_THE PROBLEM_. Please write out the lines of the data exactly, beginning with the first and ending with the line containing "現在不能買的 基金是什么"; leave the pictures behind.

_GIVEN ENTRIES_.
= Beginning of Section =
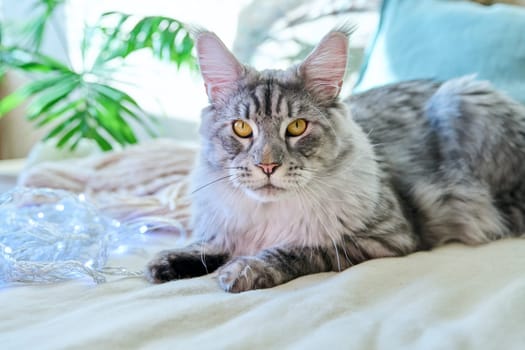 Portrait of beautiful purebred gray cat resting lying on couch at home. Relaxed fluffy pet Maine Coon, animals, home coziness comfort warmth friendship pets concept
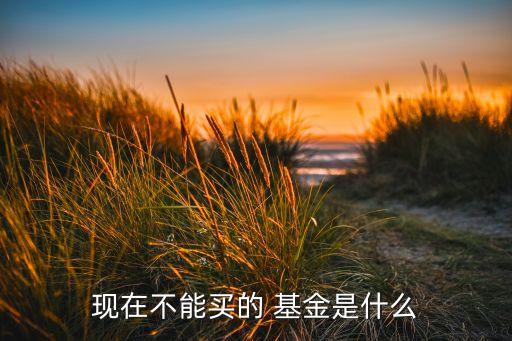 現在不能買的 基金是什么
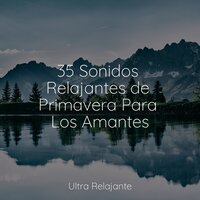 La Repetición Más Suave - Yoga Para Ninos & Sonidos de la Naturaleza Relajacion & Música para Relajarse Profundamente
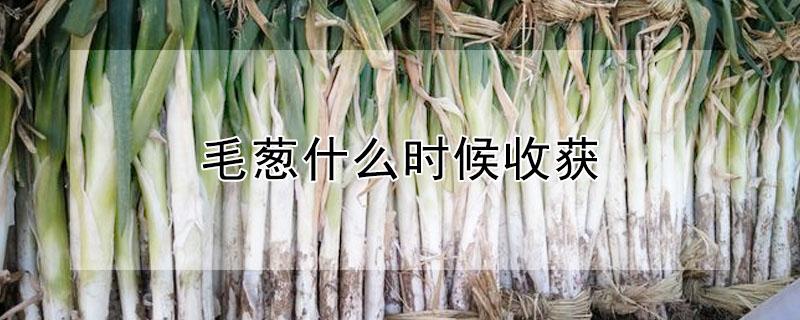 毛葱什么时候收获 毛葱什么时候收获好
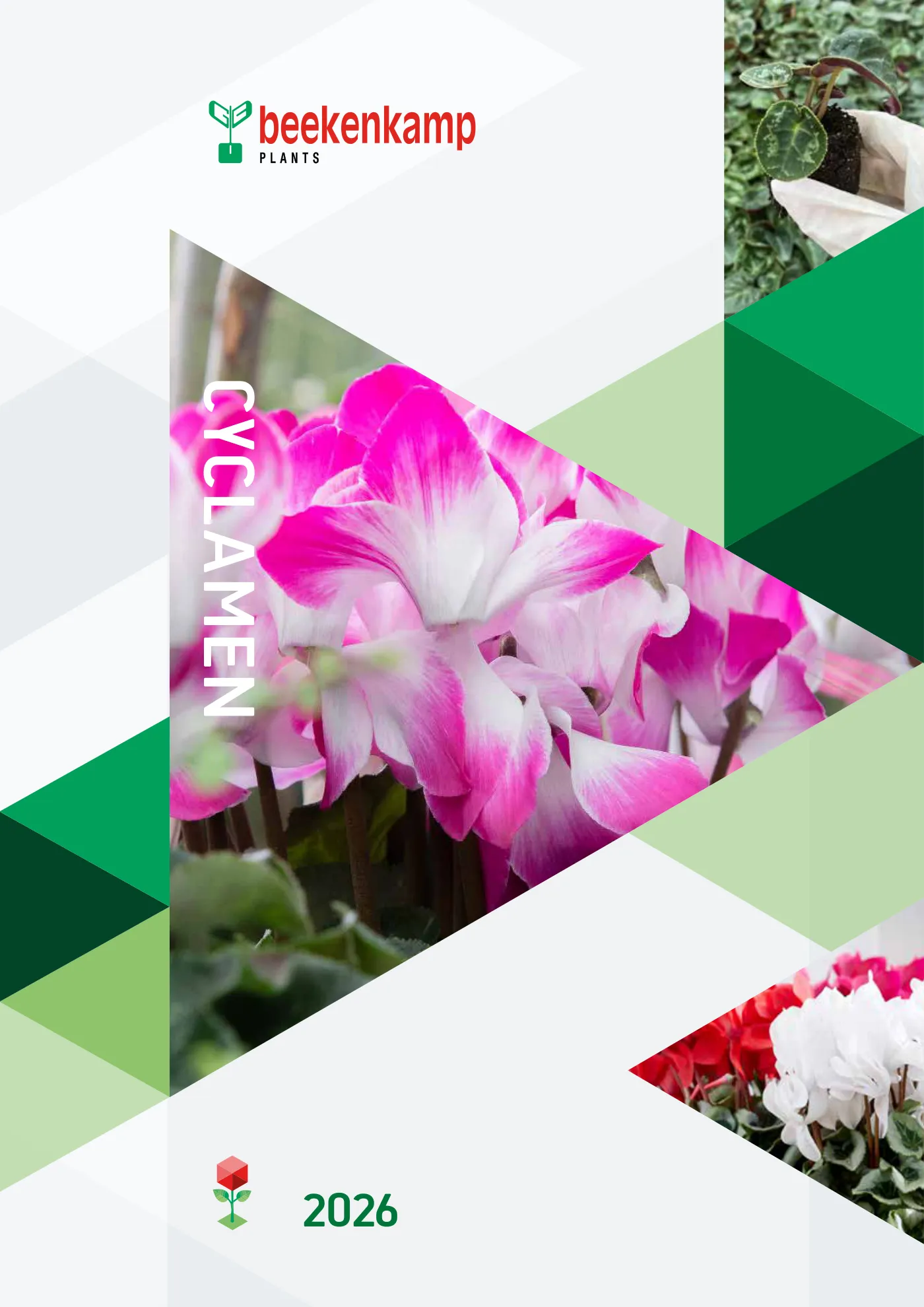 Beekenkamp Cyclamen 2026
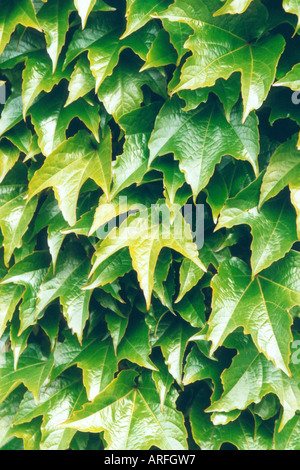 Boston ivy, réducteur du Parthenocissus tricuspidata (japonais), feuilles, Allemagne Banque D'Images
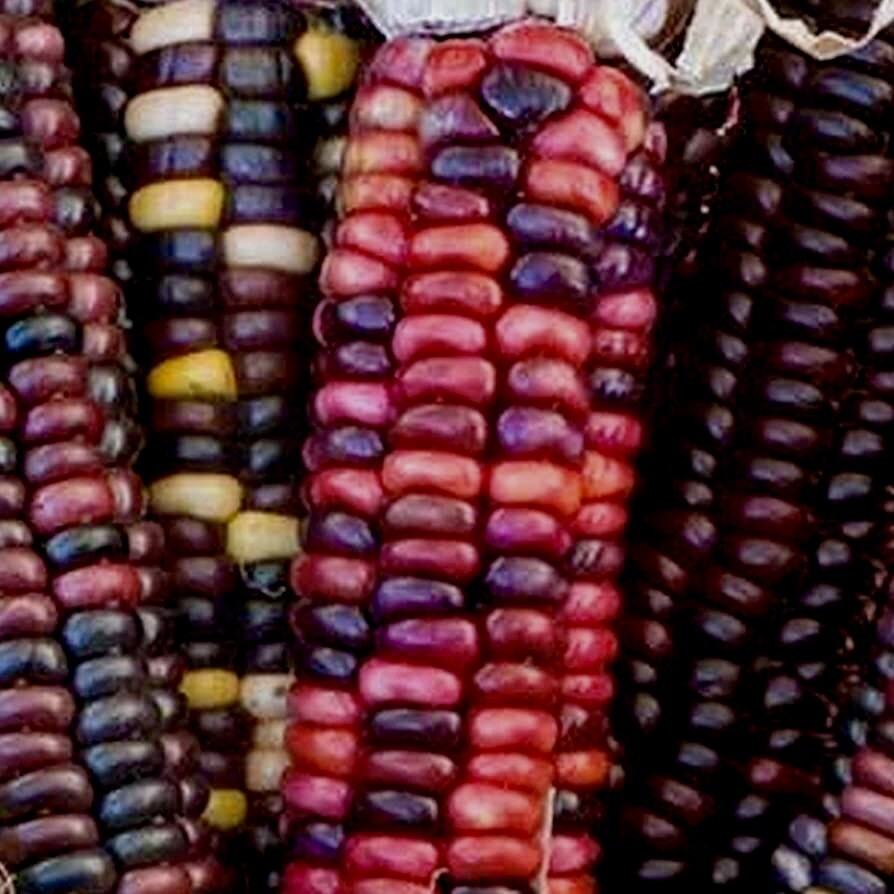 25 Painted Mountain Corn Seeds . Organic . Vibrant. Rare. Non Gmo. Annual .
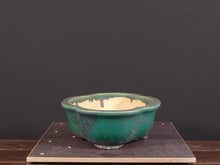 Lade das Bild in den Galerie-Viewer, Koyo
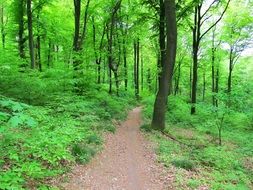 A path among the green forest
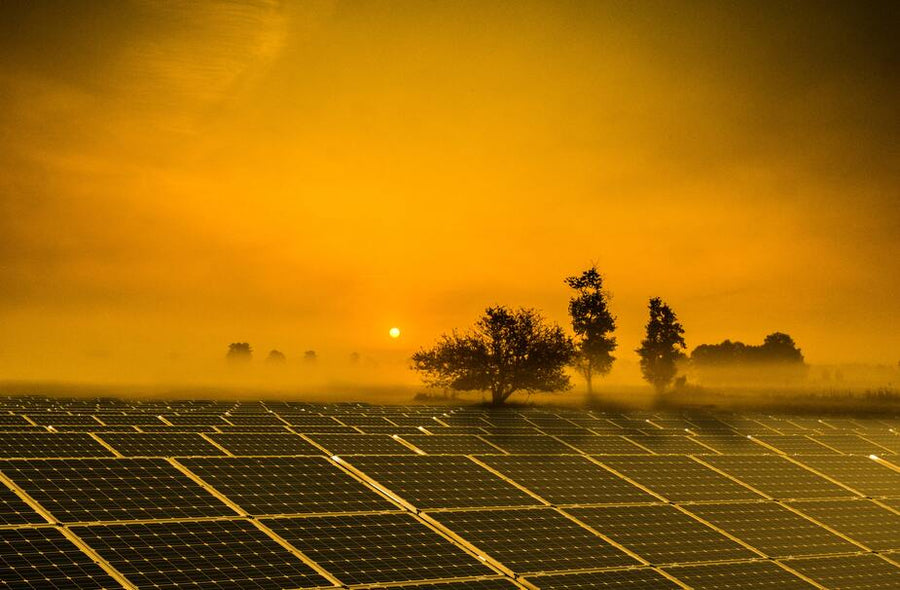 Sonnenaufgang über einem Solarpark für grüne Energie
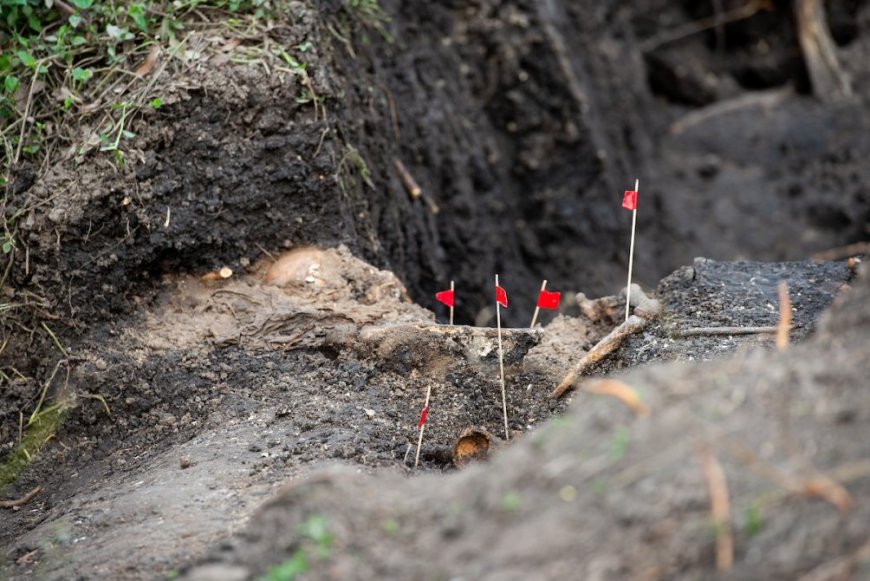 Desaparecidos: este lunes se retoman excavaciones detrás del Batallón 13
= End of Section =
_SOLUTION TO THIS PROBLEM_.
 Portrait of beautiful purebred gray cat resting lying on couch at home. Relaxed fluffy pet Maine Coon, animals, home coziness comfort warmth friendship pets concept
 現在不能買的 基金是什么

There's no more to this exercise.